Court building in Southend-on-Sea, England

Southend Court House is a Crown Court venue which deals with criminal cases, as well as a County Court venue, which deals with civil cases, in Victoria Avenue, Southend-on-Sea, England. Located immediately to the south of Southend Civic Centre, it is also the venue for magistrates' court hearings.

==History==
Until the mid-1960s, the main venue for criminal court hearings in Southend-on-Sea was a courthouse on Alexandra Street. It was first built there for the petty session hearings in 1883, rebuilt in the early 20th century, and then re-built again in 1924. It continued to serve the borough for much of the 20th century. However, as the number of court cases in Southend grew, it became necessary to commission a more modern courthouse. Southend Corporation planned a new a Civic Centre which would encompass a new police station, the courthouse, council offices and chamber, a new College and a Library on a site first purchased by the council in 1919 for a further education college, but had been reallocated as a town hall site in 1934. The planned fire station for the site was dropped and it was built in Sutton Road.

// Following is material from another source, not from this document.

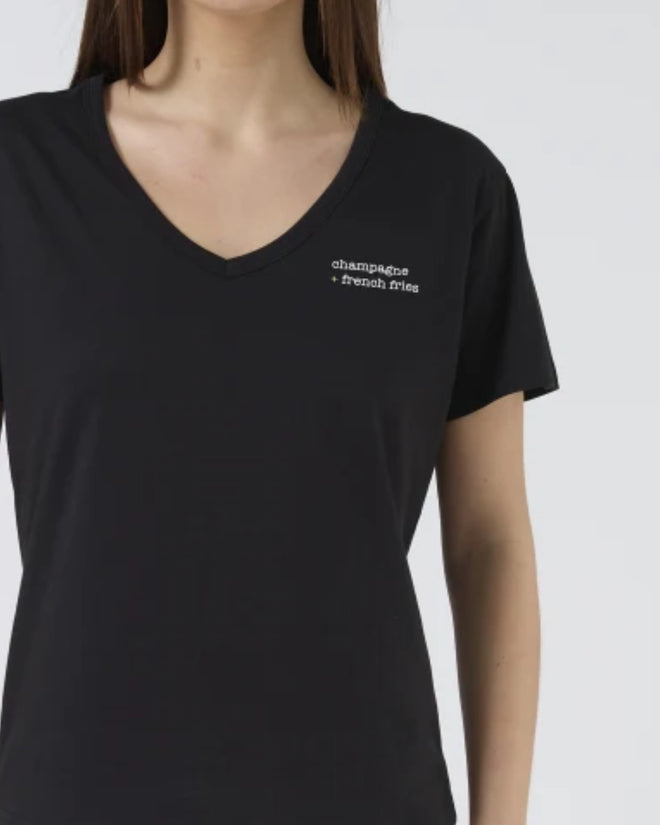 Stella and Gemma V Neck Champagne & Fries Black Villa T Shirt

The new building was designed by the borough architect, Patrick Burridge, in the Modernist style, built in concrete and glass and was completed in 1966. The design involved an asymmetrical main frontage of 30 bays facing onto Victoria Avenue. On the left of the main frontage, there was a wide opening of 12 bays leading to an inner courtyard and a glass doorway beyond. The building was fenestrated by a series of small square casement windows on both floors. Internally, the building was laid out to accommodate two courtrooms. Following the implementation of the Courts Act 1971, the courthouse became the venue for hearings of the newly designated Southend Crown Court.

The borough council commissioned a bronze sculpture entitled "Leda and the Swan" which was designed by Lucette Cartwright. It was initially placed outside the courthouse but when councillors decided to relocate the sculpture to the civic square there was a backlash from protestors who objected to the sexual nature of the artist's work which depicted the thunder god, Zeus, in the form of a swan, raping a woman. The sculpture was initially moved to the courtyard of the Palace Theatre in Westcliff-on-Sea and but it was later relocated to the mayor's residence where it was placed safely out of view.

Notable court cases have included the trial and conviction of Rick Kerry, in June 2013, for robbery. He leapt from the dock and escaped from the courthouse immediately after sentencing but was later re-captured.